## XGBoost

In [1]:
from sklearn import metrics, datasets

In [2]:
datasets.make_classification

<function sklearn.datasets._samples_generator.make_classification(n_samples=100, n_features=20, *, n_informative=2, n_redundant=2, n_repeated=0, n_classes=2, n_clusters_per_class=2, weights=None, flip_y=0.01, class_sep=1.0, hypercube=True, shift=0.0, scale=1.0, shuffle=True, random_state=None)>

In [3]:
help(datasets.make_classification)

Help on function make_classification in module sklearn.datasets._samples_generator:

make_classification(n_samples=100, n_features=20, *, n_informative=2, n_redundant=2, n_repeated=0, n_classes=2, n_clusters_per_class=2, weights=None, flip_y=0.01, class_sep=1.0, hypercube=True, shift=0.0, scale=1.0, shuffle=True, random_state=None)
    Generate a random n-class classification problem.
    
    This initially creates clusters of points normally distributed (std=1)
    about vertices of an ``n_informative``-dimensional hypercube with sides of
    length ``2*class_sep`` and assigns an equal number of clusters to each
    class. It introduces interdependence between these features and adds
    various types of further noise to the data.
    
    Without shuffling, ``X`` horizontally stacks features in the following
    order: the primary ``n_informative`` features, followed by ``n_redundant``
    linear combinations of the informative features, followed by ``n_repeated``
    duplicates, dr

In [4]:
x, y = datasets.make_classification(10000, n_features=10, n_informative=5, n_redundant=0, n_clusters_per_class=3, class_sep=0.5, random_state=150)

In [5]:
x.shape

(10000, 10)

In [6]:
from sklearn.model_selection import train_test_split

In [7]:
train, test, y_train, y_test = train_test_split(x, y, random_state=10, test_size=0.25)


In [8]:
train.shape


(7500, 10)

In [9]:
test.shape

(2500, 10)

In [10]:

import xgboost as xgb

## General Parameters
These define the overall functionality of XGBoost.

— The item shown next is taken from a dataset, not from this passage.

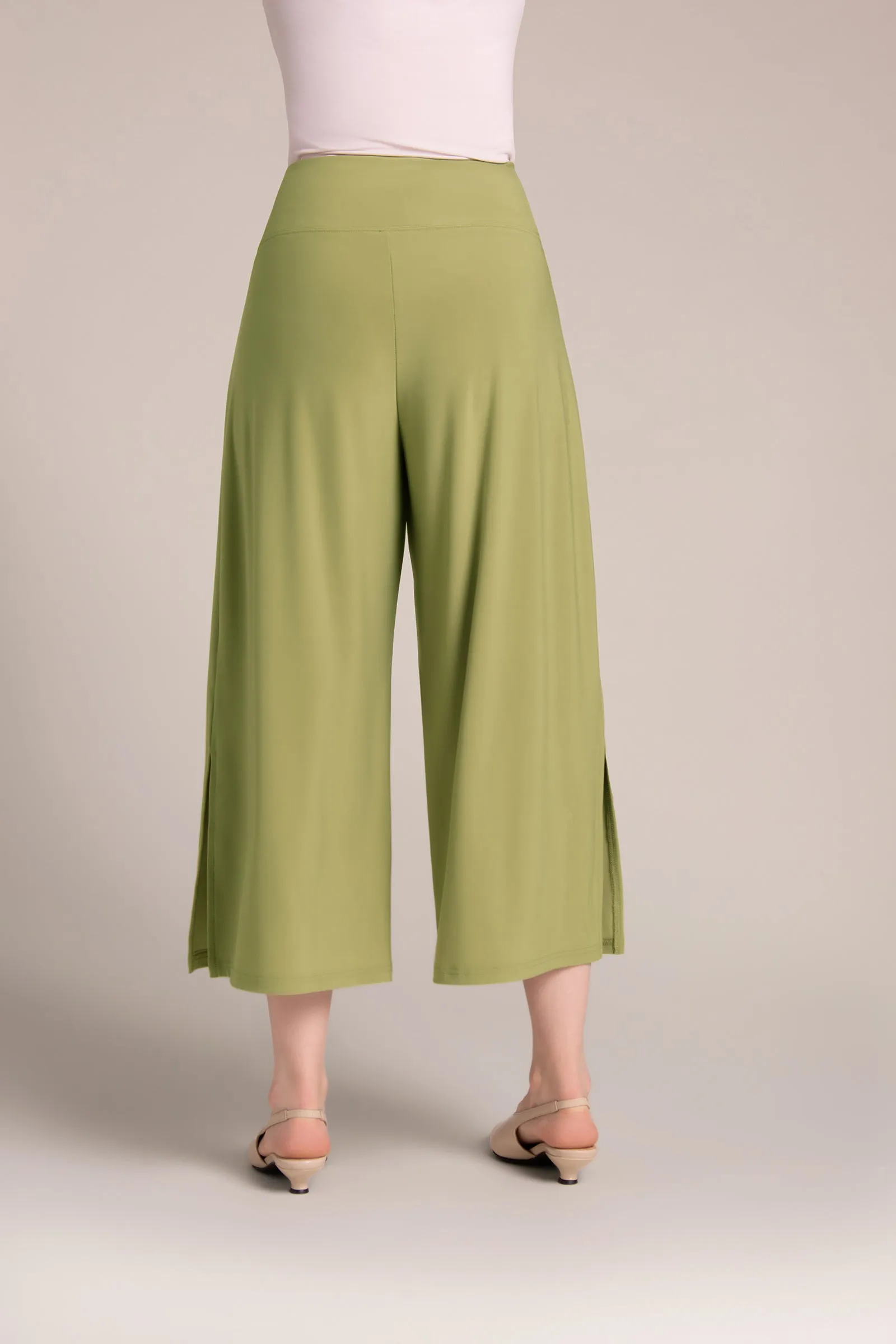Side Slit Wide Capri | Epsom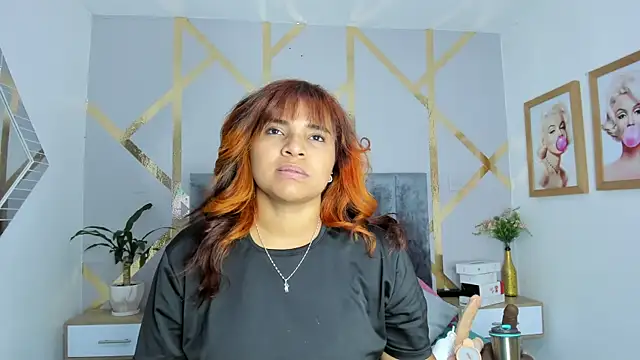 angelina castroo online show from 01/18/25, 03:31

1. booster [default=gbtree]
    - Select the type of model to run at each iteration. It has 2 options:
        - gbtree: tree-based models
        - gblinear: linear models
2. silent [default=0]:
    - Silent mode is activated is set to 1, i.e. no running messages will be printed.
    - It’s generally good to keep it 0 as the messages might help in understanding the model.
 

## Booster Parameters
Though there are 2 types of boosters, I’ll consider only tree booster here because it always outperforms the linear booster and thus the later is rarely used.

1. eta [default=0.3]
    - Makes the model more robust by shrinking the weights on each step
    - Typical final values to be used: 0.01-0.2
2. min_child_weight [default=1]
    - Defines the minimum sum of weights of all observations required in a child.
3. max_depth [default=6]
    - Used to control over-fitting as higher depth will allow model to learn relations very specific to a particular sample.
    - Should be tuned using CV.
    - Typical values: 3-10
4. max_leaf_nodes
    - The maximum number of terminal nodes or leaves in a tree.
    - Can be defined in place of max_depth. Since binary trees are created, a depth of ‘n’ would produce a maximum of 2^n leaves.
5. gamma [default=0]
    - A node is split only when the resulting split gives a positive reduction in the loss function. Gamma specifies the minimum loss reduction required to make a split.
    - Makes the algorithm conservative. The values can vary depending on the loss function and should be tuned.
6. max_delta_step [default=0]
    - In maximum delta step we allow each tree’s weight estimation to be. If the value is set to 0, it means there is no constraint. If it is set to a positive value, it can help making the update step more conservative.
    - Usually this parameter is not needed, but it might help in logistic regression when class is extremely imbalanced.
    - This is generally not used but you can explore further if you wish.
7. subsample [default=1]
    - Same as the subsample of GBM. Denotes the fraction of observations to be randomly samples for each tree.
    - Lower values make the algorithm more conservative and prevents overfitting but too small values might lead to under-fitting.
    - Typical values: 0.5-1
8. colsample_bytree [default=1]
    - Similar to max_features in GBM. Denotes the fraction of columns to be randomly samples for each tree.
    - Typical values: 0.5-1
9. colsample_bylevel [default=1]
    - Denotes the subsample ratio of columns for each split, in each level.
    - I don’t use this often because subsample and colsample_bytree will do the job for you. but you can explore further if you feel so.
10. lambda [default=1]
    - L2 regularization term on weights (analogous to Ridge regression)
    - This used to handle the regularization part of XGBoost. Though many data scientists don’t use it often, it should be explored to reduce overfitting.
11. alpha [default=0]
    - L1 regularization term on weight (analogous to Lasso regression)
    - Can be used in case of very high dimensionality so that the algorithm runs faster when implemented
12. scale_pos_weight [default=1]
    - A value greater than 0 should be used in case of high class imbalance as it helps in faster convergence.
 

## Learning Task Parameters
These parameters are used to define the optimization objective the metric to be calculated at each step.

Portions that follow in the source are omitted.